Exercise goal. Exactly as they appear below, repeat the lines from the one with "Caledonia Relax Villa" through the one with "Used 2025 Toyota Tundra SR5 AWD/4WD image 7". Drop every picture.

Short web captions.
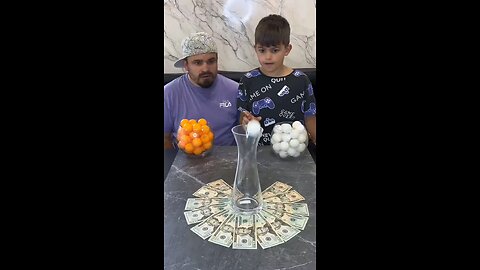 Summer vacation parent-child game, father and son street "money" ability duel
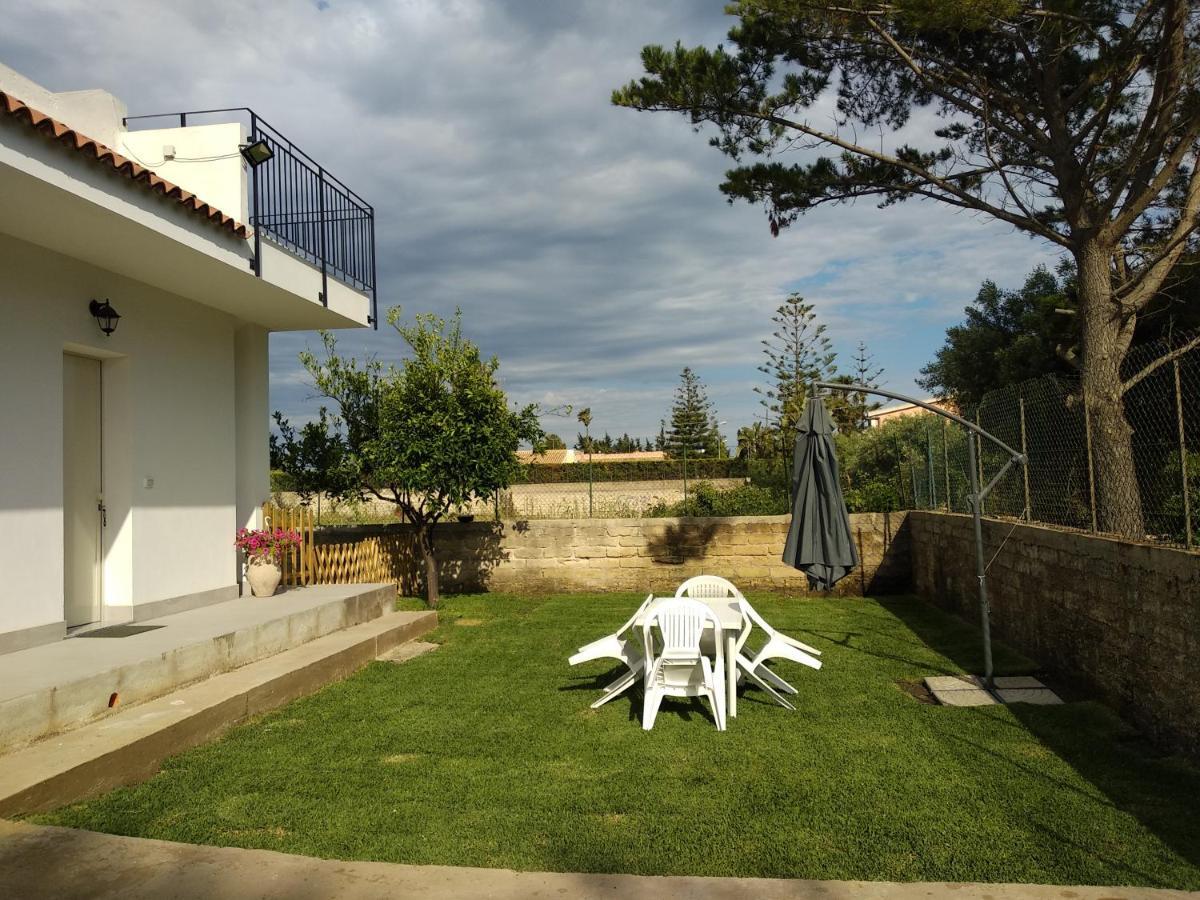 Caledonia Relax Villa Сиракуза Екстериор снимка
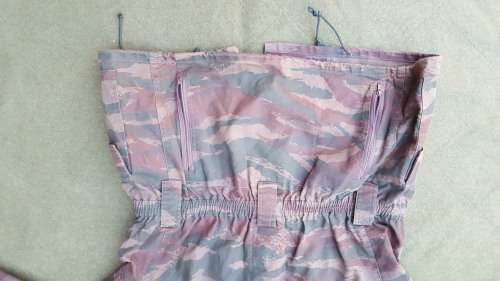 rare Serbian SF lizard camo jacket in medium (large) in very good used condition with hood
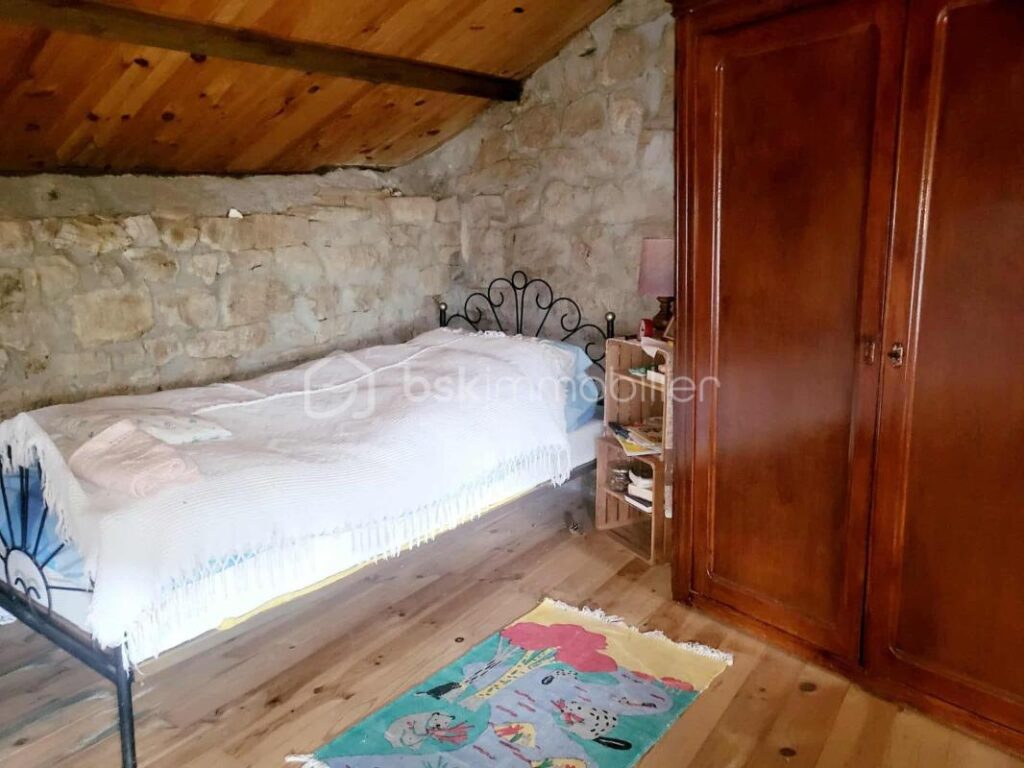 Maison en pierre à Thueyts – 6 pièces – 2 chambres – 127 m²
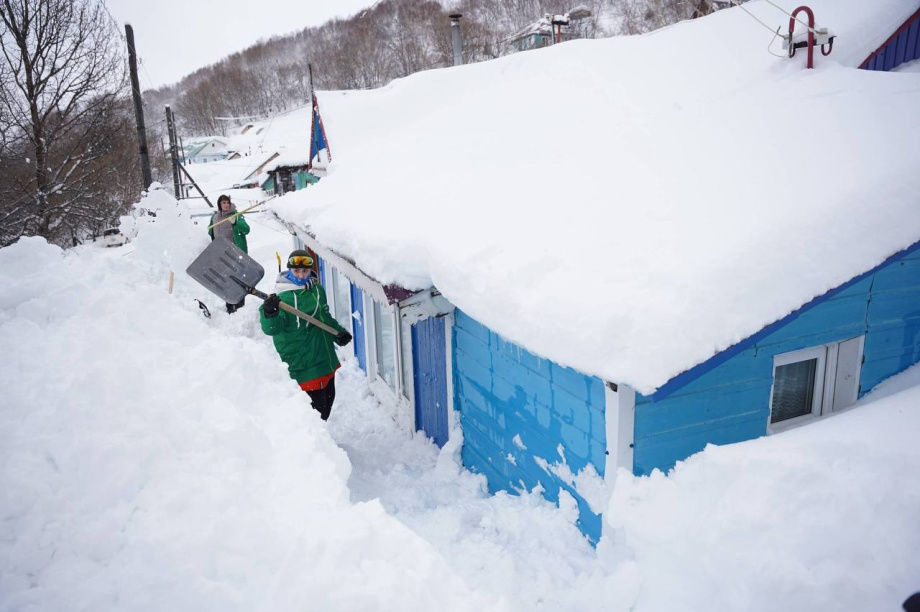 Тёплая помощь в снежном хаосе: камчатская молодежь взяла на себя заботу о самых уязвимых. Фото: kamgov.ru. Фотография 4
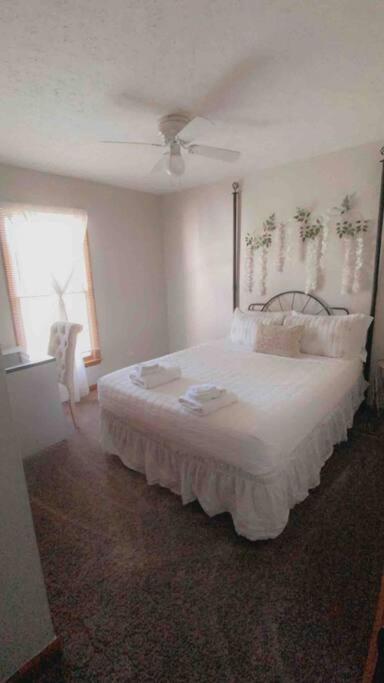 B1 Guest House Hope Mills ภายนอก รูปภาพ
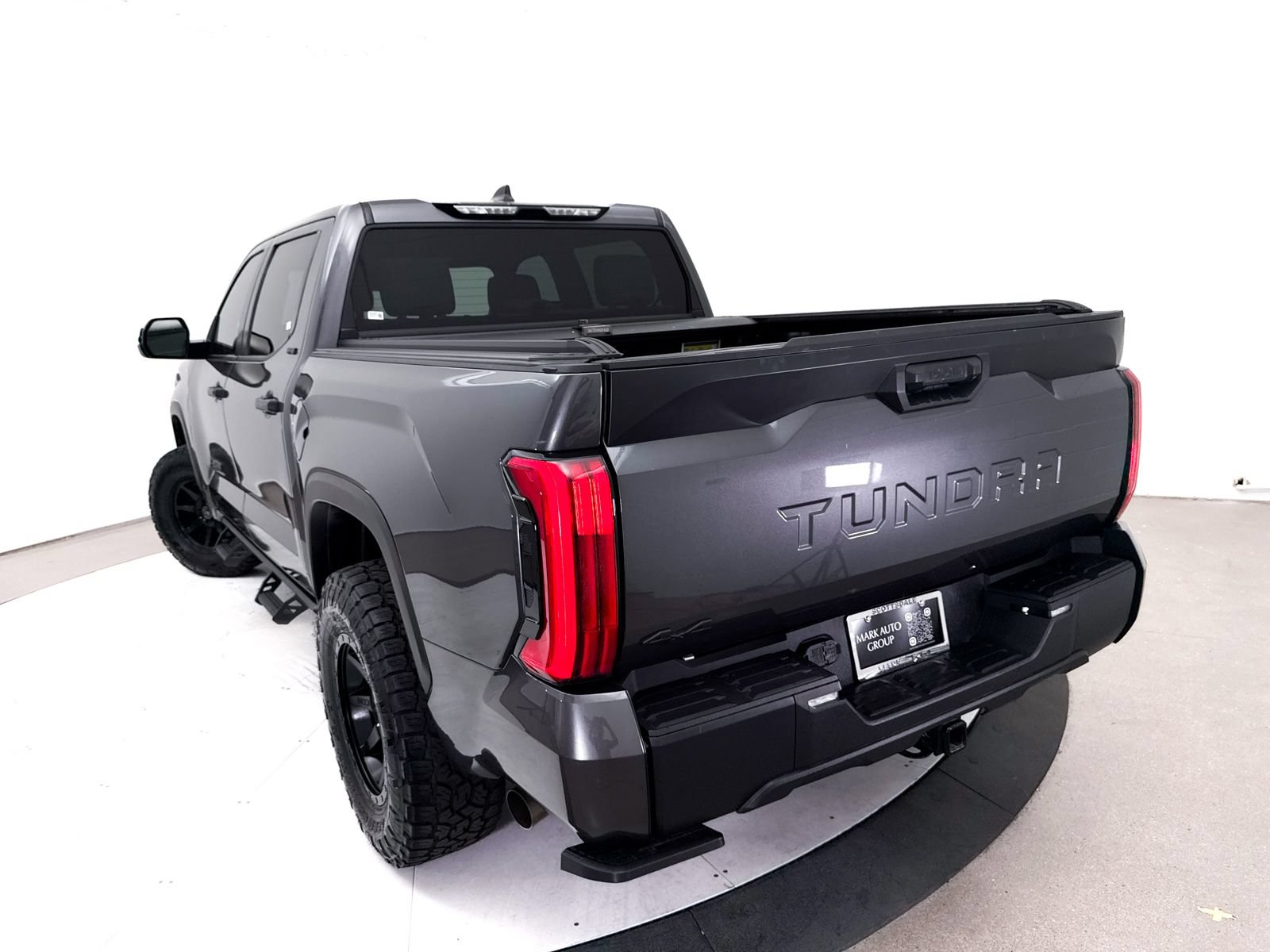 Used 2025 Toyota Tundra SR5 AWD/4WD image 7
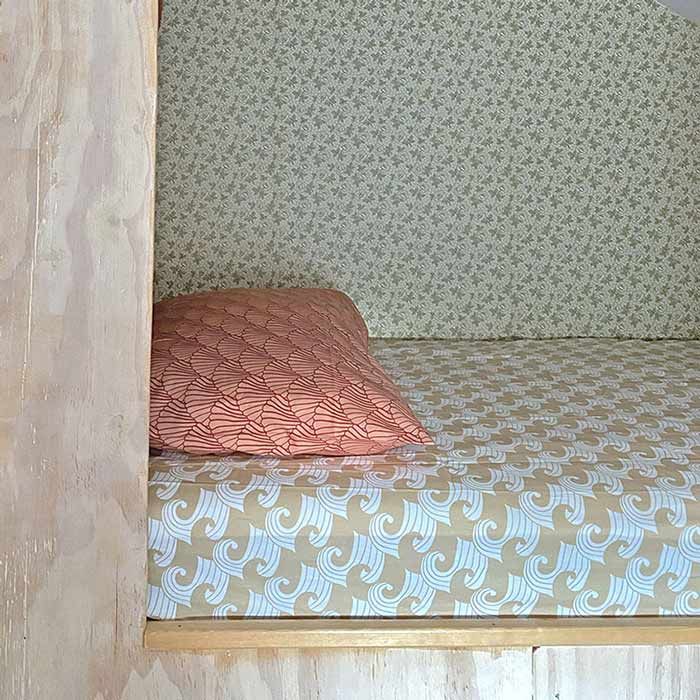 Swedish Linens - Jr. Bed Ledikant Hoeslaken Waves (70x160cm) – Image 4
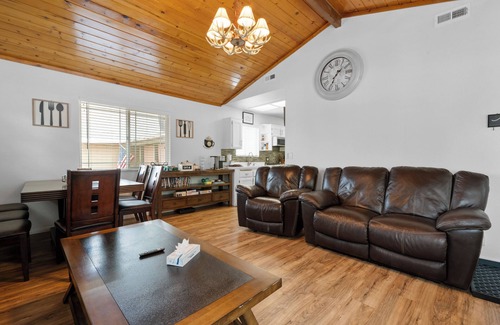 Woodlands Cabin | Woodland Escape - Quiet Area, Walk to Hiking & Park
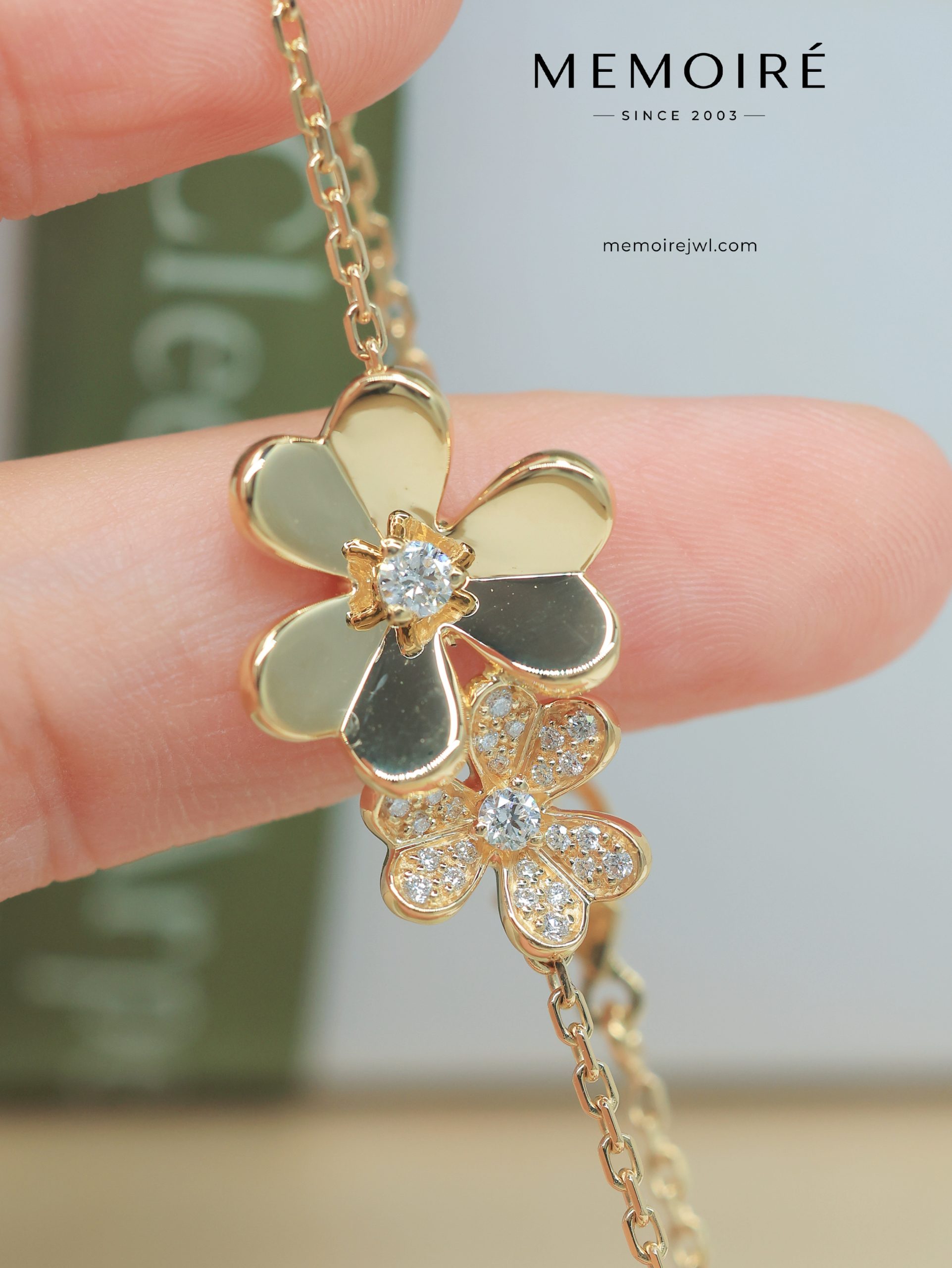 MEMOIRÉ 18K Yellow Gold Diamond Flower Charm Bracelet - Image 3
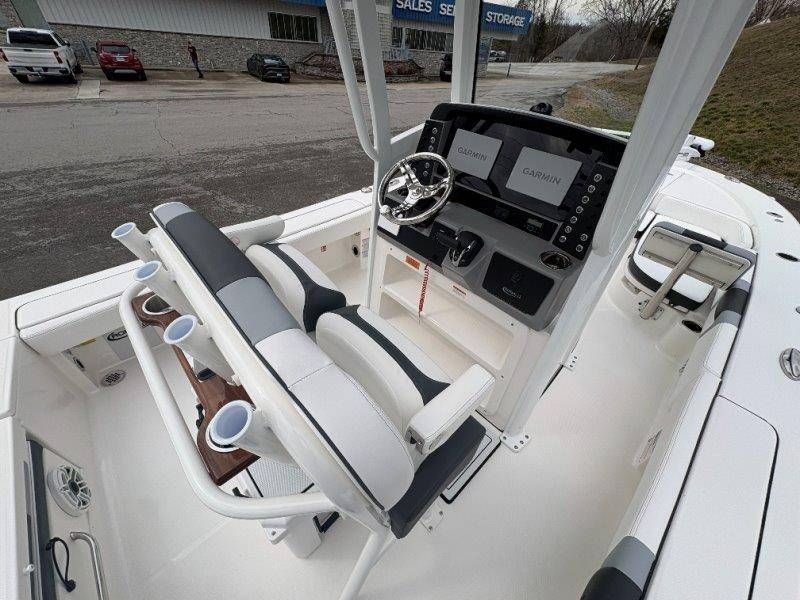 2026 Robalo 246 Cayman - 73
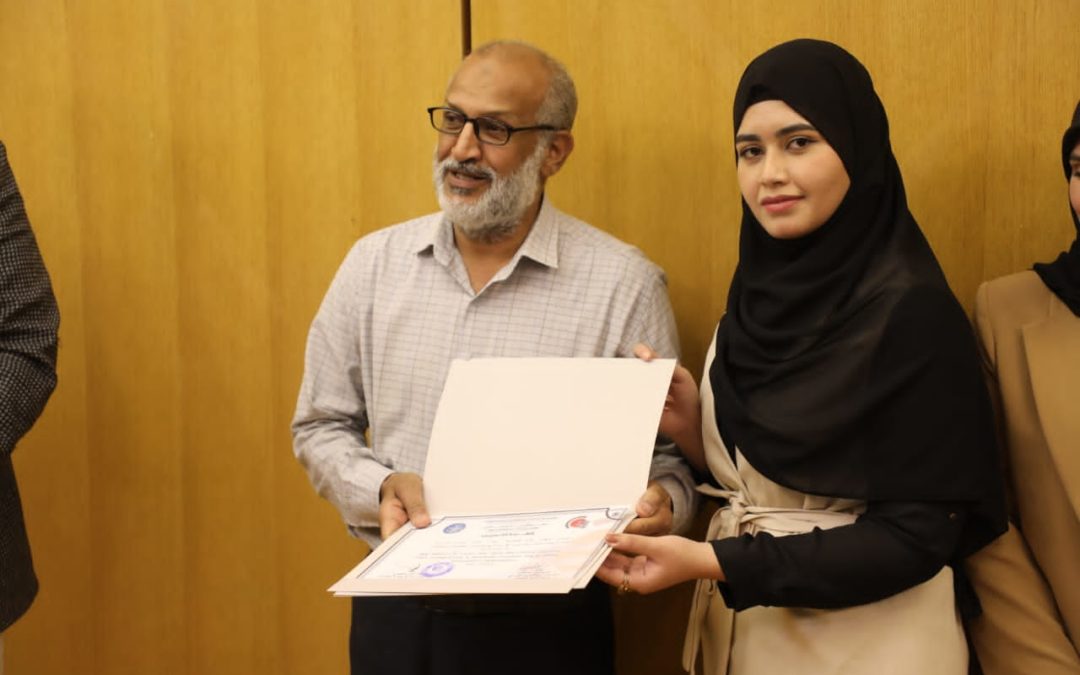 “اختتام دورة تدريبية حول برنامج PowerPoint لطلبة قسم العلاقات العامة”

Solution to the exercise.
 Caledonia Relax Villa Сиракуза Екстериор снимка
 rare Serbian SF lizard camo jacket in medium (large) in very good used condition with hood
 Maison en pierre à Thueyts – 6 pièces – 2 chambres – 127 m²
 Тёплая помощь в снежном хаосе: камчатская молодежь взяла на себя заботу о самых уязвимых. Фото: kamgov.ru. Фотография 4
 B1 Guest House Hope Mills ภายนอก รูปภาพ
 Used 2025 Toyota Tundra SR5 AWD/4WD image 7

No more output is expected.